As I walked up the stairs to the gym there was a kind of hubbub behind me. There were these four little guys in terrycloth cabana suits who were being pushed up the stairs by two big security guards. As I found out later, it was a British rock group in America. They had been taken to Sonny Liston for a photo op. He had taken one look at them and said “I’m not posing with those sissies.” Desperately, they brought the group over to Cassius Clay—to at least get a shot with him. They’re being pushed up the stairs, I’m a little ahead of them. When we get to the top of the stairs, Clay’s not there. The leader of the group says, “Let’s get the fuck out of here. “ He turned around, but the cops pushed all five of us into a dressing room and locked the door. That’s how I became the fifth Beatle. [laughter]
They were cursing. They were angry. They were absolutely furious. I introduced myself. John said, “Hi, I’m Ringo.” Ringo said, “Hi, I’m George.” I asked how they thought the fight was going to go. “Oh, he’s going to kill the little wanker,” they said. Then they were cursing, stamping their feet, banging on the door. Suddenly the door bursts open and there is the most beautiful creature any of us had ever seen. Muhammad Ali. Cassius Clay. He glowed. And of course he was much larger than he seemed in photographs—because he was perfect. He leaned in, looked at them and said, “C’mon, let’s go make some money.”
Finally there is George Kimball, a character from journalism as big and colorful and wonderful as any in this book. I have known him since he hired me at the Boston Phoenix a thousand years ago. Now all this time later, he is a fighter himself against illness. Big George keeps coming, keeps writing for the Irish Times, and his own boxing books such as “Four Kings.” All he did on Warren Street was steal the show.
George writes in “At The Fights” about Hagler and Leonard, and his piece includes this line: “It was Leonard who dictated the terms under which the battle was waged.”
In the late rounds he brings those words to his own life. People saw for themselves with George the other night how much he loves the sport, loves this book he worked so tirelessly to assemble, loves good writing most of all. Saw a boxing writer as tough as anybody he ever covered.

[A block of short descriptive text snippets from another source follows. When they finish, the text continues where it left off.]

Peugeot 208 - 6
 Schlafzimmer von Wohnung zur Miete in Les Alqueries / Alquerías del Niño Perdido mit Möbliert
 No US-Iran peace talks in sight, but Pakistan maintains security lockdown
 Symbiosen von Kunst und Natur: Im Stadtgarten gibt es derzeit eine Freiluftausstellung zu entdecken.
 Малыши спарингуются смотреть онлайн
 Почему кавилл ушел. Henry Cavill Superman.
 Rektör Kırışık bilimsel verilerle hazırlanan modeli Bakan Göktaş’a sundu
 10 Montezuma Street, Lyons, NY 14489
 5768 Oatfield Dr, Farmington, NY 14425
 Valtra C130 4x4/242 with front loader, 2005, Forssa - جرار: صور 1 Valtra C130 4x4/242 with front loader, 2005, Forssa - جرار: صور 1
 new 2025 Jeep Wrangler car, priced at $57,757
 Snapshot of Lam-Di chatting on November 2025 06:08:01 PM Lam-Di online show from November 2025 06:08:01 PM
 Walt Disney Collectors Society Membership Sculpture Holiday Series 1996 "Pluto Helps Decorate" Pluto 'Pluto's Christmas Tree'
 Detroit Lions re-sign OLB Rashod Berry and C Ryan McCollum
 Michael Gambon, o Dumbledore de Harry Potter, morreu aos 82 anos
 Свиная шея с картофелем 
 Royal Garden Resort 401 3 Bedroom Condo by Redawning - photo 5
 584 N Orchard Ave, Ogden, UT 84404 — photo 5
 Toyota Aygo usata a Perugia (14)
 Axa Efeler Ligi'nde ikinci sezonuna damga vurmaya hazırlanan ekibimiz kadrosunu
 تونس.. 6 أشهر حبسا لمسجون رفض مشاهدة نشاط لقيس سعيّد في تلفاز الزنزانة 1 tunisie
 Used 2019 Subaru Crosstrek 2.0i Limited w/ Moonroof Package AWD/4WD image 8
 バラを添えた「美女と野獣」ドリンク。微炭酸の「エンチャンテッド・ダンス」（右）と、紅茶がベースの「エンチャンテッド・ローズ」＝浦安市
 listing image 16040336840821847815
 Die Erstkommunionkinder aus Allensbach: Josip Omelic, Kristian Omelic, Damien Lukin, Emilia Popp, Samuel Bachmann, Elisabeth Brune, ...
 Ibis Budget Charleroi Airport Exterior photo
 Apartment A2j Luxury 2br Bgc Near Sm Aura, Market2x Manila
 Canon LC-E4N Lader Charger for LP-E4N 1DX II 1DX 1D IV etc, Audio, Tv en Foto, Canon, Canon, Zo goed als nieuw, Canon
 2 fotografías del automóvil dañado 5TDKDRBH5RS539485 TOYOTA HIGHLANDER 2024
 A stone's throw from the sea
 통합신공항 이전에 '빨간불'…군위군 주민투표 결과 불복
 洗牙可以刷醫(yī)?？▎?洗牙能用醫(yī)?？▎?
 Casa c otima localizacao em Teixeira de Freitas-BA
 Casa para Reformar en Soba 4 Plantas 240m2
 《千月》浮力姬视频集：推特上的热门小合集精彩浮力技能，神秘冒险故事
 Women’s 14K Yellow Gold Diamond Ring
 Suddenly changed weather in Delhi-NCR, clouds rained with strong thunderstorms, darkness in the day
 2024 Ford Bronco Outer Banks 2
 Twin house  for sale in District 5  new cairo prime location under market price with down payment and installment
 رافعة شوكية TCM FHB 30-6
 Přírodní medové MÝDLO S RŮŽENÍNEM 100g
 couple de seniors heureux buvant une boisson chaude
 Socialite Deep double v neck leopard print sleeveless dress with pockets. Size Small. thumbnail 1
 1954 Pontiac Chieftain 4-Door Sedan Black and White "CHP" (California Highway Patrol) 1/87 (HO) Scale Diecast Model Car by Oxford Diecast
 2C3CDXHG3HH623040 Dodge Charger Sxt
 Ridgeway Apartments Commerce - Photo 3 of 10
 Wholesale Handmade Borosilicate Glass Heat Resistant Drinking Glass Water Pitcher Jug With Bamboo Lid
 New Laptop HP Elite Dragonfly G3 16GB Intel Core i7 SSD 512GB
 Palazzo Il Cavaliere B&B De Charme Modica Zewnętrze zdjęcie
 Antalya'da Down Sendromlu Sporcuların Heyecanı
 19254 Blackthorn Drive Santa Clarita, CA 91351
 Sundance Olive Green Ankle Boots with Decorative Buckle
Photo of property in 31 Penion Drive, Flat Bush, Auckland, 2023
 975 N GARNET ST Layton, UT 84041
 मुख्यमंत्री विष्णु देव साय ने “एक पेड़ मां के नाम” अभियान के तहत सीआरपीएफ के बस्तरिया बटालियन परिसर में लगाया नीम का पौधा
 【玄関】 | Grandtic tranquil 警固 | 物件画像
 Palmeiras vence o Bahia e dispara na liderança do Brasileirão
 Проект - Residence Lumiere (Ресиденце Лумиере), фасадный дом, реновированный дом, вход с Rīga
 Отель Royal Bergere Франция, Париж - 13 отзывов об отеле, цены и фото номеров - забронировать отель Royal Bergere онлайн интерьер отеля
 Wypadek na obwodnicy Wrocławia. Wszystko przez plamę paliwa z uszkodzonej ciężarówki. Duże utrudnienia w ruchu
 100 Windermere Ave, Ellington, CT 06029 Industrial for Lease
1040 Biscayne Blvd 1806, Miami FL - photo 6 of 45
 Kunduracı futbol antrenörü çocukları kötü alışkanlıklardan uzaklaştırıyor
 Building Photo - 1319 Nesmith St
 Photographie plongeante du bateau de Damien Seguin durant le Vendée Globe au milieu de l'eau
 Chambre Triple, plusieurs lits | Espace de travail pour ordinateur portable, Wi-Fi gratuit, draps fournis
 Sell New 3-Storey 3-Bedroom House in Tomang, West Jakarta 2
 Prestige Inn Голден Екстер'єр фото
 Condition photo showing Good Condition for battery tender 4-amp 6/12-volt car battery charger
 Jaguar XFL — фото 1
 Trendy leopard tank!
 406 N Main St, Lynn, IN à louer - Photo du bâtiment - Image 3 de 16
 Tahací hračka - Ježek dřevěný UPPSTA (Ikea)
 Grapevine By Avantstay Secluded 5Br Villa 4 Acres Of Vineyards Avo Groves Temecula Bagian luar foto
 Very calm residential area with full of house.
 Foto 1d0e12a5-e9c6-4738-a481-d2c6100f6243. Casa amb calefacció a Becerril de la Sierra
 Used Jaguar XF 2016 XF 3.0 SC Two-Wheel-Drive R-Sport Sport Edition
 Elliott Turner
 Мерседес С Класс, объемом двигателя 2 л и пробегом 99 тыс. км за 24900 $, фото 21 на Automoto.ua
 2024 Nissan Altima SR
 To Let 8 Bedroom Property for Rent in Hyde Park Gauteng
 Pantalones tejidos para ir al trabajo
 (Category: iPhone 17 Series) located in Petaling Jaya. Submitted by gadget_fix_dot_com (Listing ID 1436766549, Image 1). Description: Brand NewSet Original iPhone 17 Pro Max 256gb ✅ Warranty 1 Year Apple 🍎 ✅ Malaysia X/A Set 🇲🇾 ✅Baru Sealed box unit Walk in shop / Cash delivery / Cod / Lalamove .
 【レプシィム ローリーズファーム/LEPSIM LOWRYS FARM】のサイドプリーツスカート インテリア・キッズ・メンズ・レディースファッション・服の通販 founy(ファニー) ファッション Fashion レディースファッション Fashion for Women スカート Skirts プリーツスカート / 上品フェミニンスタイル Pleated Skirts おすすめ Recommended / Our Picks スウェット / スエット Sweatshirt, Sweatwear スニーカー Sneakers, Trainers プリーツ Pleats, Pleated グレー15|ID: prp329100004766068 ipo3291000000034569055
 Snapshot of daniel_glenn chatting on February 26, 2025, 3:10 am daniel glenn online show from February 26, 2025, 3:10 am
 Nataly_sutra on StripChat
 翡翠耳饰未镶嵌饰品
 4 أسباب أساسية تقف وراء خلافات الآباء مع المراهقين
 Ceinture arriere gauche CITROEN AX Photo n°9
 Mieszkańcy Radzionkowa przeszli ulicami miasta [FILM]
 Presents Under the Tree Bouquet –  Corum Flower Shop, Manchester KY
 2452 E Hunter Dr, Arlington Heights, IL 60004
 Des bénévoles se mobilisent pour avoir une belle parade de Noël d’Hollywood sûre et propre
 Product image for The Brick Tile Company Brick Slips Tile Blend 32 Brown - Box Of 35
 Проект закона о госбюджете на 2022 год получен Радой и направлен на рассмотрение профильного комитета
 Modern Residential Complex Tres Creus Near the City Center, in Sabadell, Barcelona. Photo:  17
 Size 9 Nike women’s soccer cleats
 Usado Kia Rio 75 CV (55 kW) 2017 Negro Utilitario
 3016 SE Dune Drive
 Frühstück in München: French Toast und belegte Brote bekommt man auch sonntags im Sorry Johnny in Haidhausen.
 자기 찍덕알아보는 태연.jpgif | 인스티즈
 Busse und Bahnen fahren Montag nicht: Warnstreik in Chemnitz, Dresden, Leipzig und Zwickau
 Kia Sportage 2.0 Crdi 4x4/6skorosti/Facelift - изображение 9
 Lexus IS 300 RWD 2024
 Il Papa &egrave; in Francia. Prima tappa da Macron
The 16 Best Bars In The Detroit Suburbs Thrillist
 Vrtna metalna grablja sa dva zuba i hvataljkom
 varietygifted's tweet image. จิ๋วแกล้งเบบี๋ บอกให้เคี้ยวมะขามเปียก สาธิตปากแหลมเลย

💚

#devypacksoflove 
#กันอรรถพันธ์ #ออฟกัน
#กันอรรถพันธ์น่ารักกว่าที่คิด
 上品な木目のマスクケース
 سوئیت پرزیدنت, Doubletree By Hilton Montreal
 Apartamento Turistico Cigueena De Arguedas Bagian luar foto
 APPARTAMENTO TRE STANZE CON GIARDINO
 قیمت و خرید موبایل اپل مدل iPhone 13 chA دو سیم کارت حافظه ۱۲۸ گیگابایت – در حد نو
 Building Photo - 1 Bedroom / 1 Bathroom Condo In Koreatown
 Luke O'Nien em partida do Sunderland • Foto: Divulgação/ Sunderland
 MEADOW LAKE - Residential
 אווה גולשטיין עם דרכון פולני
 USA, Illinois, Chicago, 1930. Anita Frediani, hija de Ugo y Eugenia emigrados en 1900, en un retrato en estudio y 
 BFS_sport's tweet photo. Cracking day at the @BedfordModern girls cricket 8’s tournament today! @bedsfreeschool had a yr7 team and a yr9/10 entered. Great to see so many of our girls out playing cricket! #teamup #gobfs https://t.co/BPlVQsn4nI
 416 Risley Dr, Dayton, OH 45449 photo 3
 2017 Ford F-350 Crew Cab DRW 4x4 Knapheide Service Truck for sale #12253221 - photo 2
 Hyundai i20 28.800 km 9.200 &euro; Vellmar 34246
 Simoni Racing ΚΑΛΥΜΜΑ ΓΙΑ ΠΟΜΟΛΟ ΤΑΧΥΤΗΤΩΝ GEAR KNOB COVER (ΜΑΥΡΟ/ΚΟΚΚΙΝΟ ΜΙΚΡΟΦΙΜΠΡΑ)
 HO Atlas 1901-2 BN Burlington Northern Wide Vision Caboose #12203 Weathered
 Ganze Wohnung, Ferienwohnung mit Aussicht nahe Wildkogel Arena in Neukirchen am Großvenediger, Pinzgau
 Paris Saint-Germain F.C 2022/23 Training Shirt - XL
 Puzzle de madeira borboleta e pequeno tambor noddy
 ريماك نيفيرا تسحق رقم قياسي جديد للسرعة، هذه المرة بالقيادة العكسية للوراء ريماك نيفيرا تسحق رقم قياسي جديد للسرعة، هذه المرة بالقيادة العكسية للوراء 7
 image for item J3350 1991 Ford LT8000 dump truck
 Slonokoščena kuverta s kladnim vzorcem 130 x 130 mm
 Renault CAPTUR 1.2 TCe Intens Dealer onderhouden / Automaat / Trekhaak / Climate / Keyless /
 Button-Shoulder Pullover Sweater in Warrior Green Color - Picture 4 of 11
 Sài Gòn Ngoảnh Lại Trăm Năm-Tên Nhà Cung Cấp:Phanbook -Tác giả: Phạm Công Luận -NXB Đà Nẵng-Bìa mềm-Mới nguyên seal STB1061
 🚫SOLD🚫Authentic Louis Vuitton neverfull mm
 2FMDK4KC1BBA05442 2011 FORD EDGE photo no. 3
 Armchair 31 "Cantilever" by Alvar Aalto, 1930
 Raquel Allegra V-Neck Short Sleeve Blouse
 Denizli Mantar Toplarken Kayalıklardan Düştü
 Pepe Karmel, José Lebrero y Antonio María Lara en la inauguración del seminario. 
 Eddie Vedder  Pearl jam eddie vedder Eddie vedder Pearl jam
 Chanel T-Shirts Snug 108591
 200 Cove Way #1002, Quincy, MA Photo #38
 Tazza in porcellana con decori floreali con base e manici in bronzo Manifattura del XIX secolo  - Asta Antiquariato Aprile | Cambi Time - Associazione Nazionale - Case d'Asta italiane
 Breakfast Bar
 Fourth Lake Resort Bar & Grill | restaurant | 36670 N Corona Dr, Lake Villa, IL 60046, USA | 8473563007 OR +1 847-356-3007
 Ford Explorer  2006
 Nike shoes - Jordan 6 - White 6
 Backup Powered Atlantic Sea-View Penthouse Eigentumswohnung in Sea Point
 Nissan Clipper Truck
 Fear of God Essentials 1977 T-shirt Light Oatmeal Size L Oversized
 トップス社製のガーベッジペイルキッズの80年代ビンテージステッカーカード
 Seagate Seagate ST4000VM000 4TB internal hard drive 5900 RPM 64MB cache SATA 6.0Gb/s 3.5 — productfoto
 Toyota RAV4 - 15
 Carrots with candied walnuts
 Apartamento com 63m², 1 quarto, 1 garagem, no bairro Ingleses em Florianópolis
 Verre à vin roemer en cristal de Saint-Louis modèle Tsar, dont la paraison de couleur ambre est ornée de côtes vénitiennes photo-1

Nice job by Lupica. It was a wonderful night and I’m just sorry that it didn’t go on longer. A lot of the men in the audience, and on the panel, talked about how boxing was a common bond between them and their old men. Friday night fights, golden gloves. Kimball said that during the Vietnam War boxing was the only thing he could enjoy with his father, period. The only thing that was missing from the event was a cloud of cigar smoke hanging over the room.